日立Astemoは,同社の交差点や単路での衝突被害軽減ブレーキに対応した「広角ステレオカメラによるセンシングシステム」が,いすゞ自動車の新型エルフに採用されたと発表した(ニュースリリース)。
交通事故を防止する有効な対策として国土交通省では,乗用車だけでなく,トラックなどの商用車への衝突被害軽減ブレーキの義務化を推進している。トラックによる事故は年々,減少しているものの,対人死亡事故の6割が車両の単路走行時,さらに4割が交差点内右左折時に起きており,広い視野角をカバーできる衝突被害軽減ブレーキの必要性は高まっているという。
新型エルフは,国内小型トラックでは初搭載となる,前方からだけでなく交差点での右左折時の「衝突被害軽減ブレーキ」(オプション)を搭載し発売されている。いすゞ自動車における商用車の豊富な知見により,交差点内右左折時の衝突軽減ブレーキ実現に向けたトラック特有のユースケースの想定と,その対応に必要な仕様設定を日立Astemoが受け,「いすゞ向けセンシングシステム」の開発を進めた。

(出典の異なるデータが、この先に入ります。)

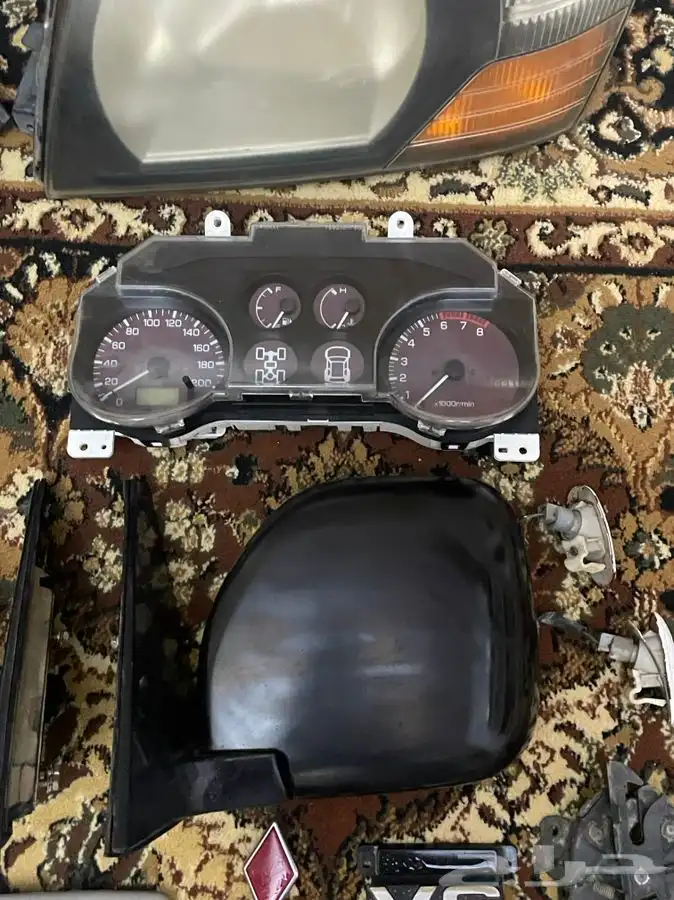 قطع جيب مستبيشي باجيرو 2002 الجميع اصلي وكاله نضيف 3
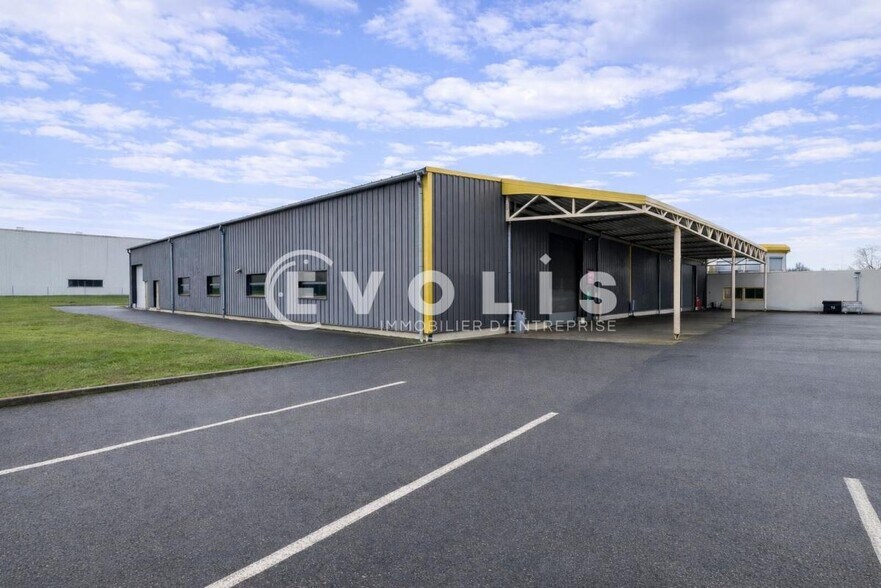 Rue Des Genets, Reyrieux for lease - Building Photo - Image 2 of 15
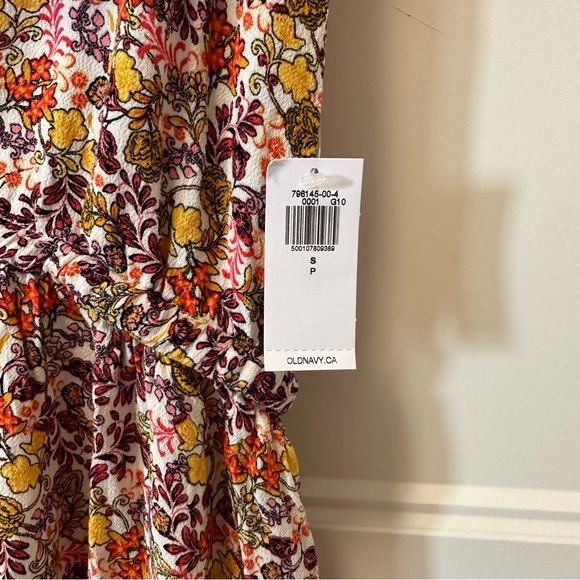 NWT Old Navy Waist-Defined Flutter-Sleeve Floral Mini Dress with Pockets - Picture 11 of 12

このセンシングシステムには,検知範囲拡大を可能にした120度広角ステレオカメラを用いている。これをトラックの安全装備として広く採用されるミリ波レーダーの検知情報と連携させ,交差点ブレーキ対応を可能とする新開発の制御ソフトを実装することで,より高精度な広角検知を実現し,交差点や単路における衝突被害軽減ブレーキを可能とするとしている。
日立Astemoは,今後も商用車メーカーにおける,高度な先進安全運転支援技術を通した車両の安全機能を拡張するニーズに対応し,ステレオカメラなどセンシング製品の採用拡大を図っていくとしている。